MFS shall be managed by a five-member Board of Directors selected by a majority vote of the Tribal Legislature for three-year terms. One of the members will be selected from the Department of Finance based upon the recommendation of the Financial Manager to the Tribal Legislature. One of the selected Board members must be a member of the Tribal Legislature, selected by the Tribal Chairperson and approved by the Tribal Legislature, whose term will extend only as long as his/her current term on the Tribal Legislature. The terms of the Board of Directors will be staggered terms. In order to ensure that the terms are staggered, the initial five members, with the exception of the appointed Tribal Legislator, selected under this charter, will draw for two three-year terms, one two-year term, and one one-year term at their first regular meeting. After these initial terms expire, all future selections will be for three-year terms. Board members may be removed and replaced by other eligible persons when the Tribal Legislature determines such action is in the best interests of the Tribe. After appointment of the Board by the Legislature, the Board shall organize itself by a set of laws which provide for the orderly conduct of business, including but not limited to officers, meetings, reports and other matters.
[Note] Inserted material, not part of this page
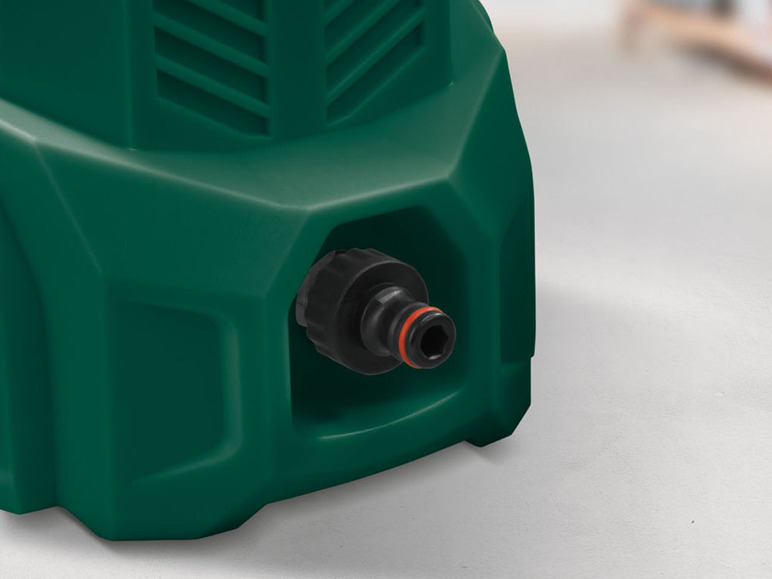 Aller en mode plein écran PARKSIDE® Nettoyeur haute pression »PHD 110 E1«, 1 300 W - Photo 9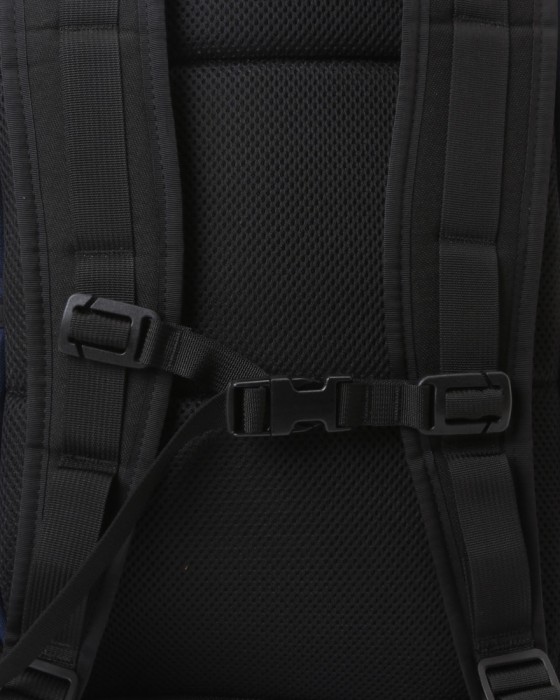 INSIDE LINE EQUIPMENT/ILEスクエアバックパック【Radius Mini/Cordura】12l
The Board members shall receive payment of $50 per meeting plus mileage reimbursement at the federal rates for their services.
B. 
General powers. In general, the Board of Directors shall be responsible for establishing overall policies and objectives for the management of the affairs and assets of MFS; however, in order to assure that the Tribal Legislature may appropriately discharge its governmental and sovereign functions over MFS operations, the Board of Directors shall submit quarterly reports to the Tribal Legislature and may be subject to more frequent periodic review and evaluation if the Tribal Legislature determines that such review is necessary. The Board of Directors may utilize the services of a qualified individual to operate the day-to-day activities of the MFS.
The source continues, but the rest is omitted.